La solution peut être cherchée dans le fragment Souverain bien 2 (Laf. 148, Sel. 181), où Pascal tente de résoudre la difficulté.

Il existe bien une nature pour ainsi dire commune à tous les hommes, qui est la nature corrompue par le péché originel, avec l’obscurcissement de l’esprit et la soumission du cœur à la concupiscence.
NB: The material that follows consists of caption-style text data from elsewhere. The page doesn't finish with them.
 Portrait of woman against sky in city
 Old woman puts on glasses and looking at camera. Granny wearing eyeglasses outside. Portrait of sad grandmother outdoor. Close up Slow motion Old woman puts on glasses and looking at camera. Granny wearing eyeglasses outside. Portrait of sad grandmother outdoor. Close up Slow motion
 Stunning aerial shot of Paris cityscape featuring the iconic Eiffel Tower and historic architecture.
Mais le propre de cette nature est que, dans l’ignorance où il est tombé de Dieu et du souverain bien, n’importe quel objet peut devenir sa fin : Qu’est-ce donc que nous crie cette avidité et cette impuissance sinon qu’il y a eu autrefois dans l’homme un véritable bonheur, dont il ne lui reste maintenant que la marque et la trace toute vide et qu’il essaye inutilement de remplir de tout ce qui l’environne, recherchant des choses absentes les secours qu’il n’obtient pas des présentes, mais qui en sont toutes incapables parce que ce gouffre infini ne peut être rempli que par un objet infini et immuable, c’est-à-dire que par Dieu même.

Lui seul est son véritable bien. Et depuis qu’il l’a quitté c’est une chose étrange qu’il n’y a rien dans la nature qui n’ait été capable de lui en tenir la place, astres, ciel, terre, éléments, plantes, choux, poireaux, animaux, insectes, veaux, serpents, fièvre, peste, guerre, famine, vices, adultère, inceste. Et depuis qu’il a perdu le vrai bien tout également peut lui paraître tel jusqu’à sa destruction propre, quoique si contraire à Dieu, à la raison et à la nature tout ensemble.
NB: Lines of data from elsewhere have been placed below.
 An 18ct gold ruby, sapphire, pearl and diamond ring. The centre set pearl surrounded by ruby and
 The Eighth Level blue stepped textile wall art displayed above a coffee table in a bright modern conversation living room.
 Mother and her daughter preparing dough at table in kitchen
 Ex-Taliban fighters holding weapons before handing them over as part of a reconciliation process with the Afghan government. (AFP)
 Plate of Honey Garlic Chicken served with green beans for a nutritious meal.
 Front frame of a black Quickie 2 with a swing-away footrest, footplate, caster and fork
Les uns le cherchent dans l’autorité, les autres dans les curiosités et dans les sciences, les autres dans les voluptés.

Il en résulte que la coutume peut substituer à l’amour naturel de Dieu le désir de n’importe quel objet, à commencer par ceux qu’imposent la mode, l’habitude, les mœurs du temps, qui engendrent une coutume qui tient lieu de seconde nature.

On peut donc admettre l’explication proposée par G. Ferreyrolles proposée plus haut.

Cela retire-t-il pour autant sa portée sceptique aux fragments Contrariétés 8 et 9 ? Non, dans la mesure où cette doctrine définit la condition humaine telle qu’elle est actuellement, après le péché : à s’en tenir aux connaissances dont jouit l’homme tel qu’il est après la faute, la nature de l’homme est en effet submergée par les diverses formes, multiples et variables, que peut prendre la coutume. Pour qui ignore la doctrine chrétienne du péché originel, la nature de l’homme ne peut apparaître que comme une mosaïque de coutumes constamment changeantes. Mais même pour le chrétien instruit de la doctrine augustinienne, et qui sait par conséquent que l’inconstance de l’homme est le résultat de la corruption originelle, il n’en demeure pas moins que cette nature corrompue est en effet éclatée en une infinité de coutumes diverses, quoique nées d’une même concupiscence.